We begin our chat on this note, and Abhishek thanks us for this assessment and says, “I think that the best way for me is to look for new things and higher standards. I want to explore new horizons. I am hungry to do good work in diverse films and have never been complacent. If I do get so, that is the day I should stop acting.”

He is sincerely grateful to the audience and the media support for a fantastic 15-year journey. “I want to thank you all, for without your support, all this would not have been possible. I do not want to trade in anything from this ride, and I would like you guys to give me another 15 years at least in the profession.”

Abhishek’s latest release, T-Series’ All Is Well¸ has hit the screens. This is said to be a modern-day version of the classic Shravan Kumar story in Hindu mythology. “Actually, director Umesh Shukla has based this unique tale around the old fable,” he lets on. “In the film, I am actually a selfish son, and it is only later that I become a good and idealistic beta.”

All his memories of a fun association with Chintu uncle (Rishi Kapoor) from the films starring his father Amitabh Bachchan with him from the ‘70s to the ‘90s crystallised into an unforgettable experience while on the sets. This was their most intimate screen combination after Hum Tum and Delhi-6 and, since all we get is 10 minutes on the phone, Abhishek succinctly puts it this way: “It was an honour to spend so much time with Chintu uncle.”

As for his other co-stars, it is believed that he hit it off fabulously with his on-screen mom Supriya Pathak Kapoor and even taught her to discover new aspects of her cellphone and initiated her into online social media. Time constraints loom again and he quickly summarises: “She is such a fine actor.”

With Asin, it was an easy transition from sister in Bol Bachchan to romantic co-star here. “We are all actors, and it does not matter what roles we get to play,” he declares. “My father has been son to one of his most frequent heroines, Raakhee-ji, in Shakti. Yes, a real-life rapport enhances work together, as it happened with Chintu uncle too, though in films we sometimes have to be buddies on screen even if we do not get along with someone.”

A fresh pairing in All Is Well is of his special dance number with Sonakshi Sinha. Since their families have known each other for decades, how was their equation? “If you are asking me whether I knew her well earlier, no, I did not. But she’s such a wonderful girl and I do hope to work with her in my future films.”

Looking ahead

Abhishek echoes the same enthusiasm when asked what he thinks of the girls from GenY — Shraddha Kapoor, Parineeti Chopra, Alia Bhatt and Kriti Sanon. “They are all brilliant and I would want to work with them,” he says, neither confirming nor denying a forthcoming film with one of them.

A key feature of his career, in the many multi-hero and ensemble cast films that he has done, is not to be overshadowed by others and often stealing the thunder himself. Does he specifically work at that? “No way. Films are about staying true to your story, script and character,” he replies promptly.

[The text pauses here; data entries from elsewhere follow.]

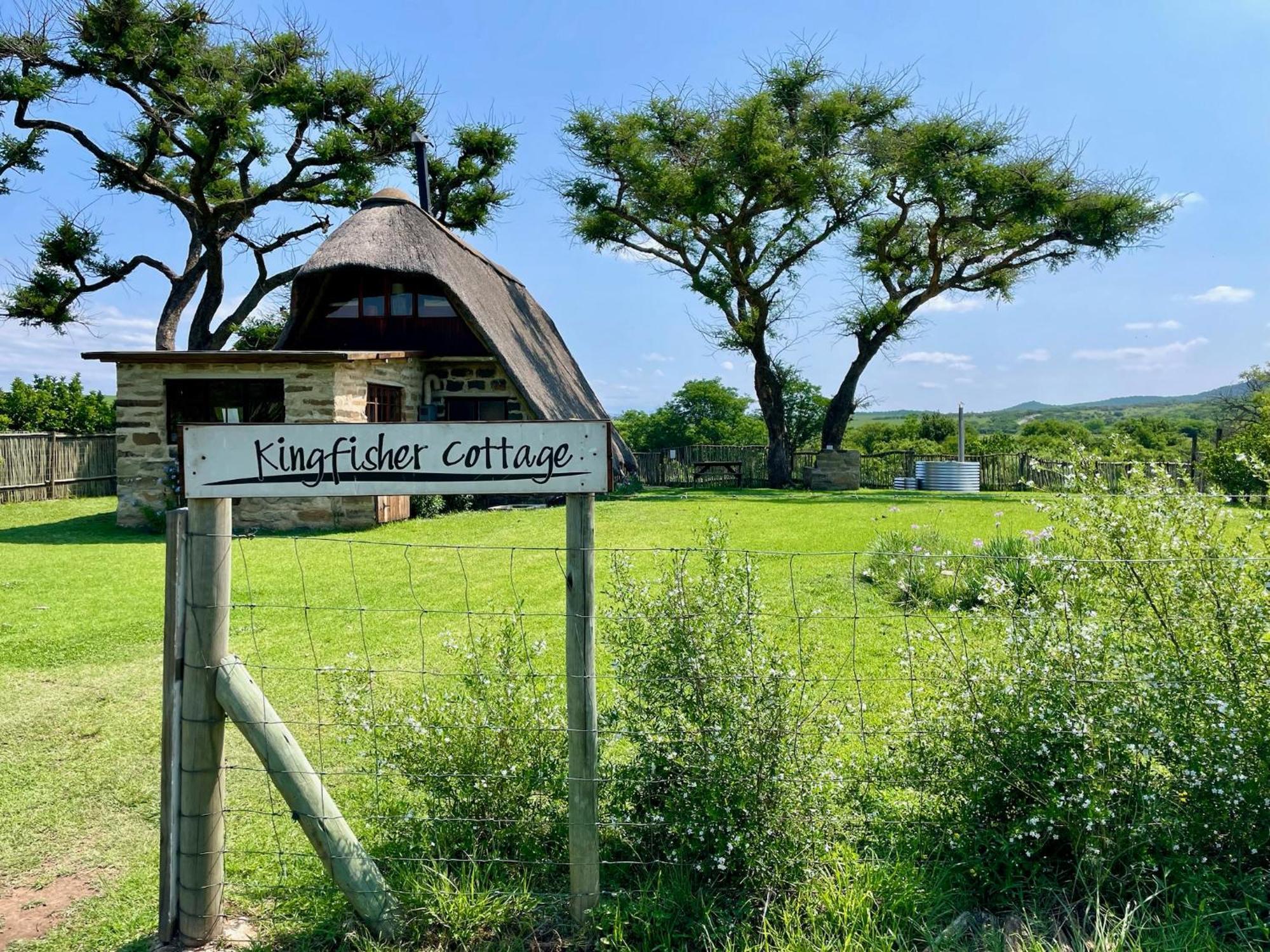 Tugela River Lodge Уинтъртън Екстериор снимка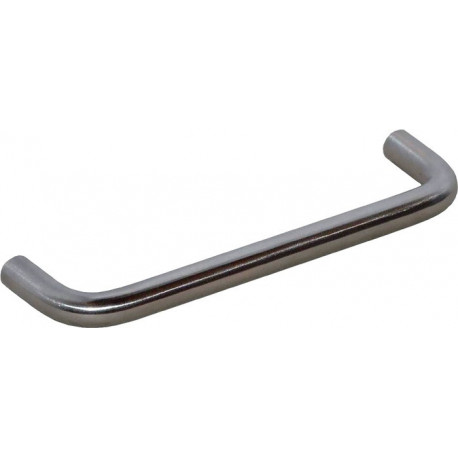 Poignée meuble Inox 96mm D.8mm BMB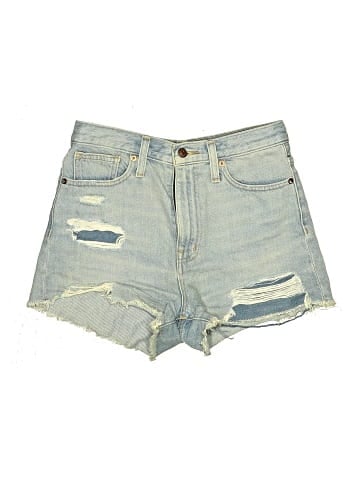 Madewell Denim Shorts (view 1)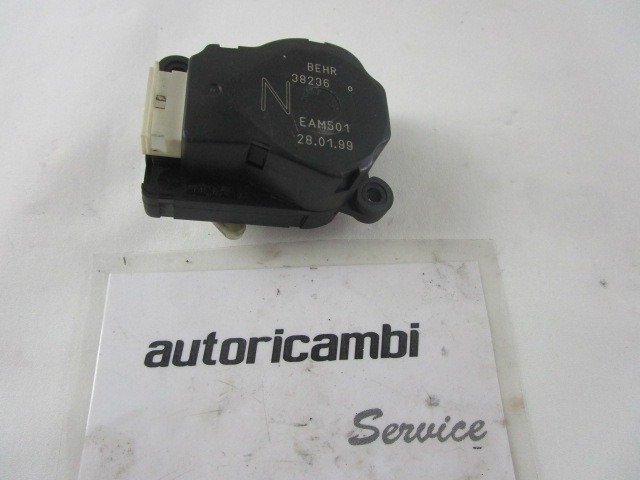 SET SMALL PARTS F AIR COND.ADJUST.LEVER OEM N. 153136 ORIGINAL PART ESED MERCEDES CLASSE S W220 (1998 - 2006)BENZINA 50  YEAR OF CONSTRUCTION 1999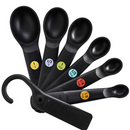 Oxo 7 Piece Measuring Spoons Set With Scraper - Buenz Gifts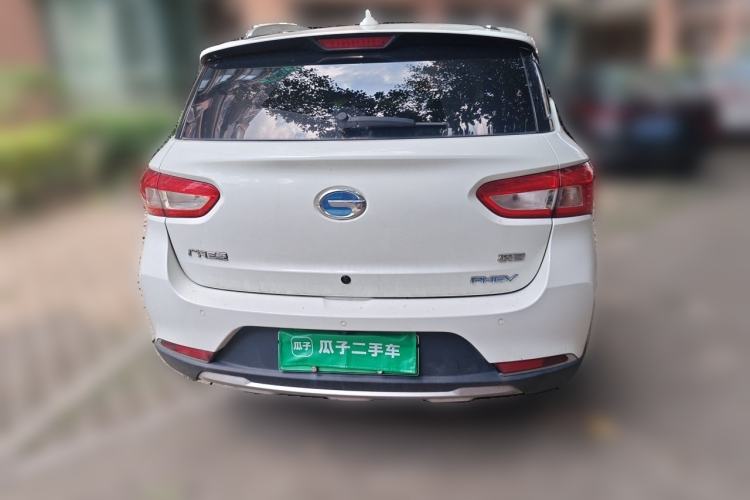 Used GAC Group Qizhi PHEV 2018 1.5L Smart Connect Premium Edition Rear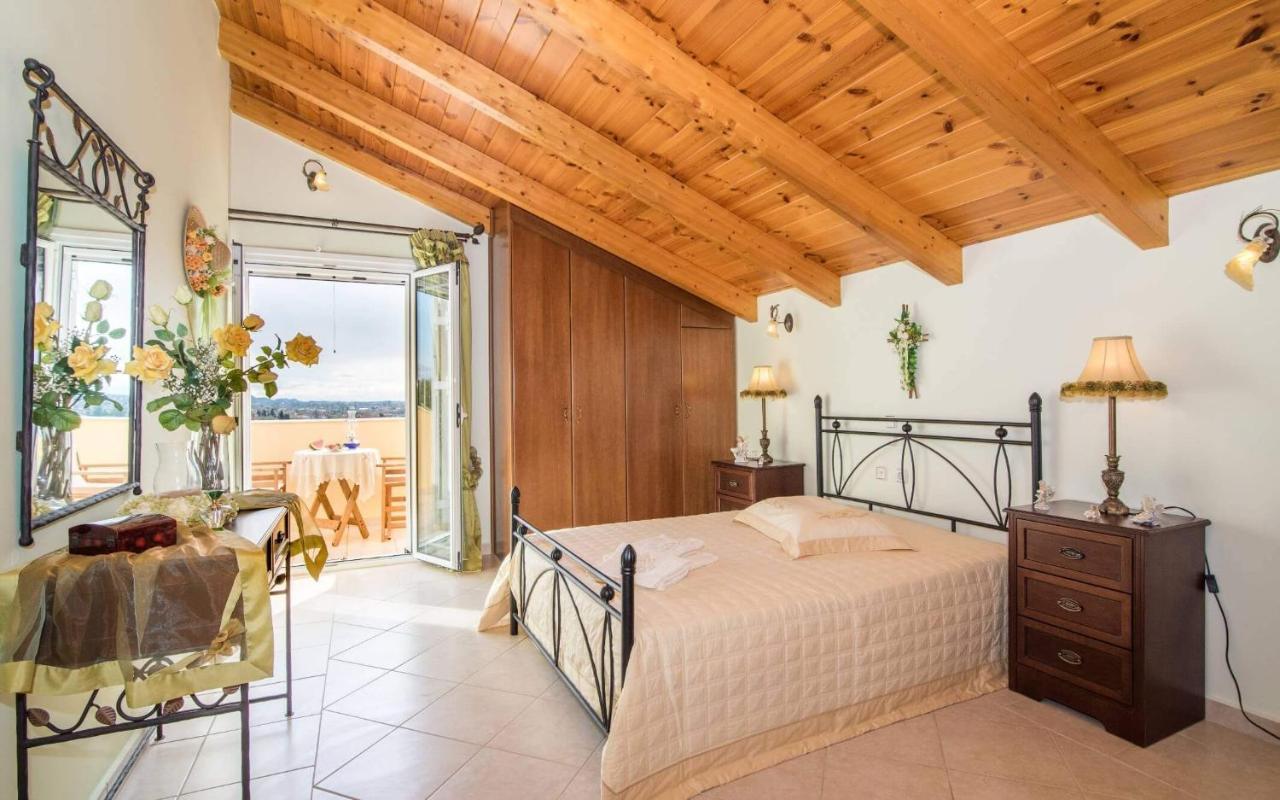 Villa Bella Sole Kalipádhon Buitenkant foto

About his new initiative on Twitter, the hash-tag #BePositive, he is happy that he has set in a train of thought that is about “not just complaining”. “I am glad this was trending for over 24 hours and been supported by so many people,” he says.

The actor is upbeat about his wife Aishwarya Rai Bachchan’s return to acting in Jazbaa. “The first look of this film is exciting, emotional and hard-hitting and I know that she will do a great job,” he says.

What does he have to say about endorsing kabaddi through his Pro Kabbadi team, Jaipur Pink Panthers? Of course, he has already spoken a lot to the media, so is there anything he can add? “I am glad to be a pioneer, for this is India’s own sport that is played by over 36 countries — much more than the nations that play cricket. I am thrilled that kabaddi is growing from year to year,” he sums up.

Abhishek is now set to do Housefull 3 and Hera Pheri 3. Does he have any game plan for his career, or any ambitions about newer (for him) filmmakers on his wish-list?

“I do not think that such things can be decided or planned in any way beforehand,” he replies. “I would obviously like to work with every good director, and as a creative person, I would like to be still around 15 or more years later.”